The regulations said that the investigation needed to be done within 30 days. Instead, it took more than three years for the logisticians to complete the bloody investigation. More people had their hands on the fouled-up investigation paperwork than had ever actually handled the original equipment. It was a complete cluster. When the final report finally made it to my desk for approval, I saw that one of the investigators had called for the equipment to be marked as ‘lost/stolen’ and to have the former accountable property managers charged for the lot. I denied the request and kicked it back with a scathing rebuttal. We had proof to show that the kit had all been properly disposed of. Proof, I might add, that was inside the package. Proof that the ‘investigator’ clearly hadn’t read.

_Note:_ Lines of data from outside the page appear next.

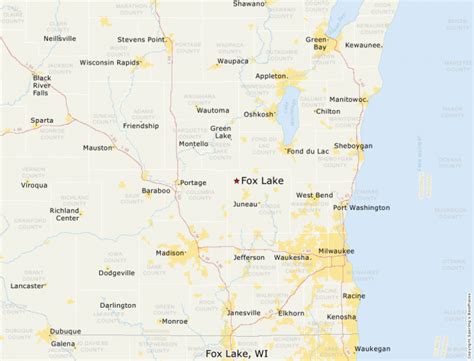 Best Places To Live Compare Cost Of Living Crime Cities Schools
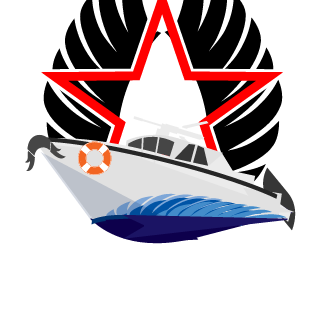mwalz03's emblem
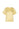 Blouse Sami | Butter Yellow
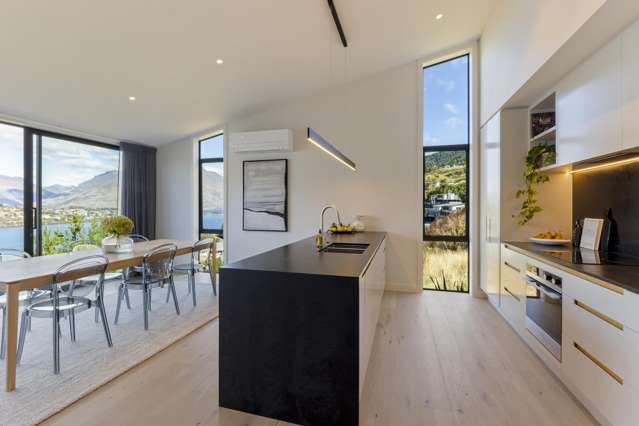 15c Potters Hill Drive Queenstown_4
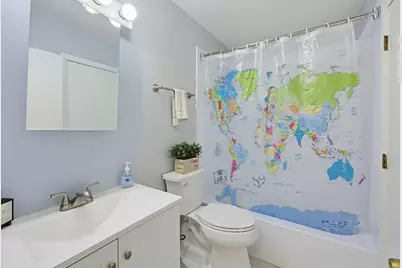 31 Greenbrook Drive #31, Stoughton, MA 02072 - Photo 17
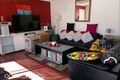 Property photo of 11/6 Gray Street Tweed Heads West NSW 2485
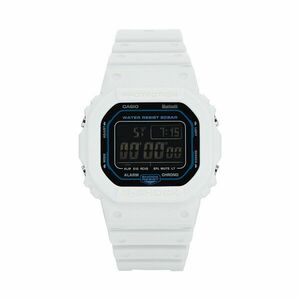 Karóra G-Shock DW-B5600SF-7ER Fehér kép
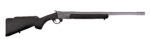TRAD OUTFITTER G3 350 LEGENDMB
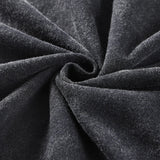 THE RUMBLING ULTIMATE VINTAGE TEE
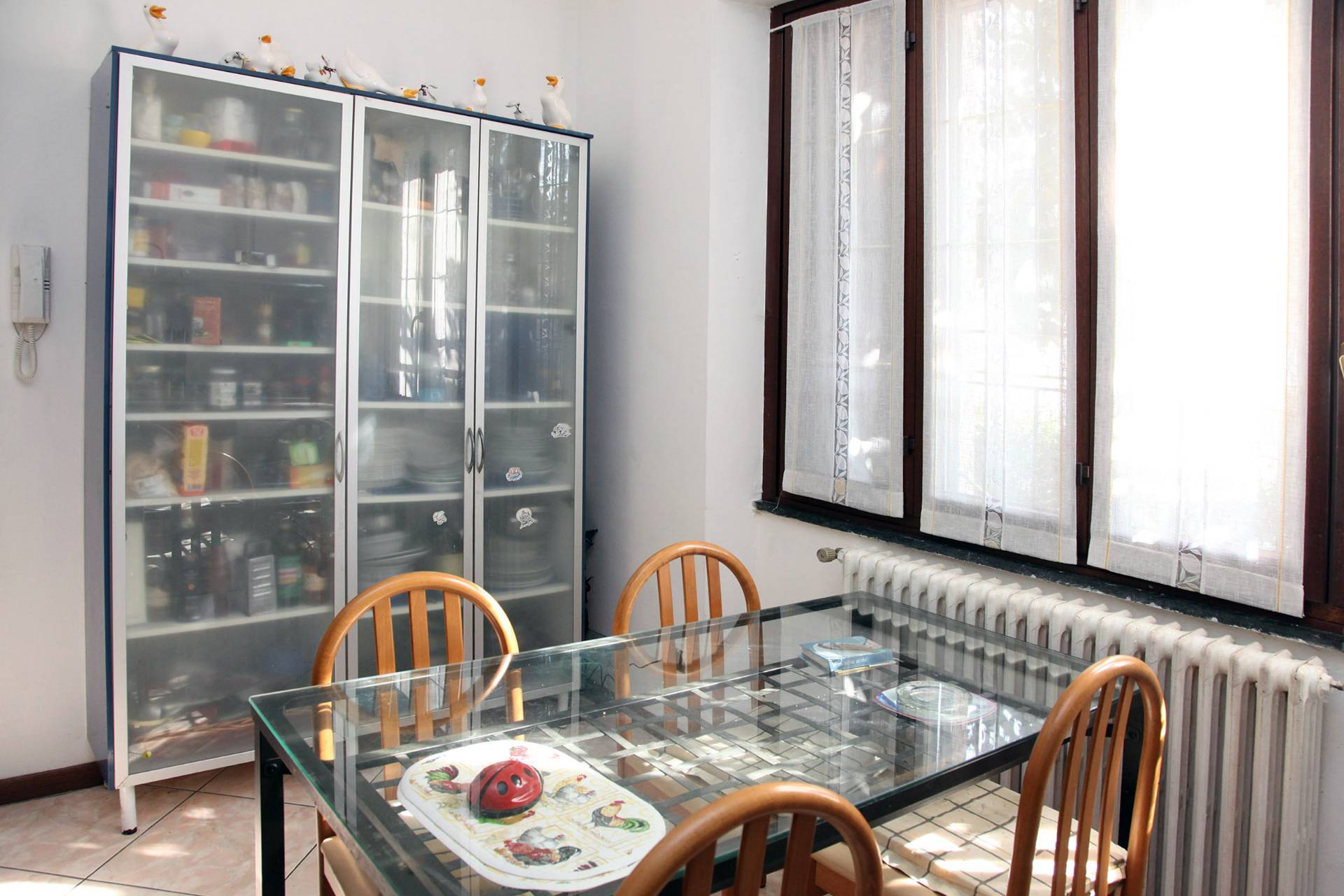 Villa in vendita a Saronno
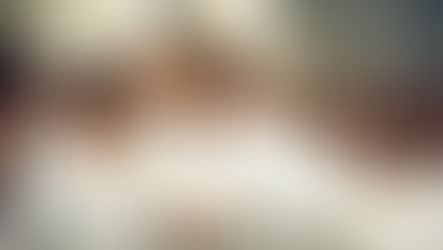 Lo spettacolo racconta la vita di Lady Diana Spencer dando voce alla sua figura in una sorta di memoriale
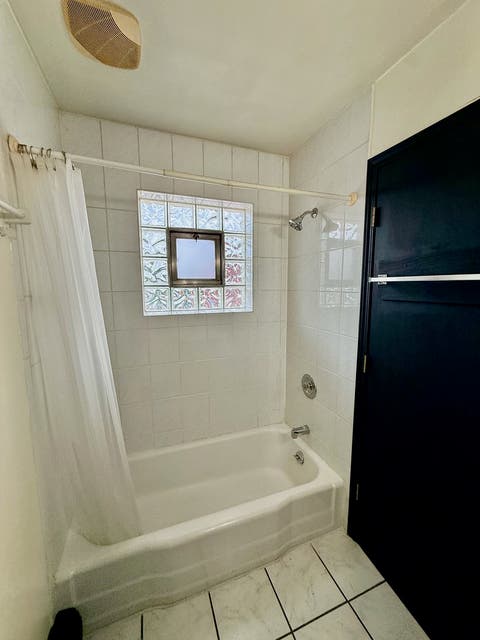 Tiny photo for 4211 W 95th Street #2D, Oak Lawn, IL 60453 (MLS # 12728998)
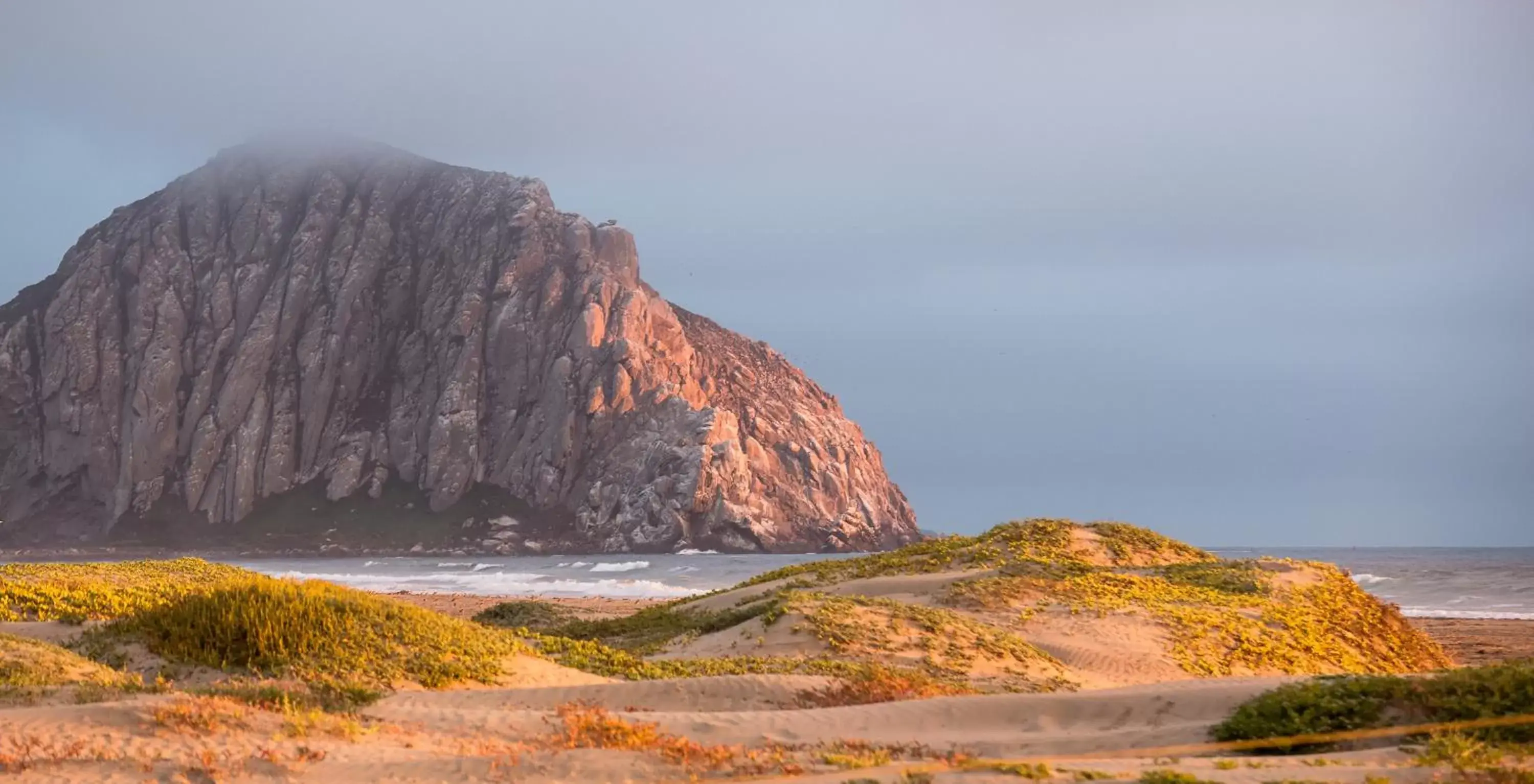 Rockview Inn and Suites Rockview Inn and Suites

Because of the dispute, the entire investigation had to be redone by a new accountable officer in an all-new package. During that time, our higher headquarters found out that our site was many years late getting property accountability issues sorted and demanded a full accounting. My boss (who was, it should be noted, a bit of a sadist) decided to try and stick me with personal financial accountability for the entire truckload of ghost kit. He sent me a memo formally notifying me that I’d be expected to pay the company back for $1.1 million. I sent one back cheerfully encouraging him to get bent.

This was closest stock photo that I could find with the search terms ‘get bent.’ If you don’t recognize the phrase … it’s probably best to NOT google it.
This was closest stock photo that I could find with the search terms ‘get bent’. If you don’t recognize the phrase… it’s probably best to NOT Google it.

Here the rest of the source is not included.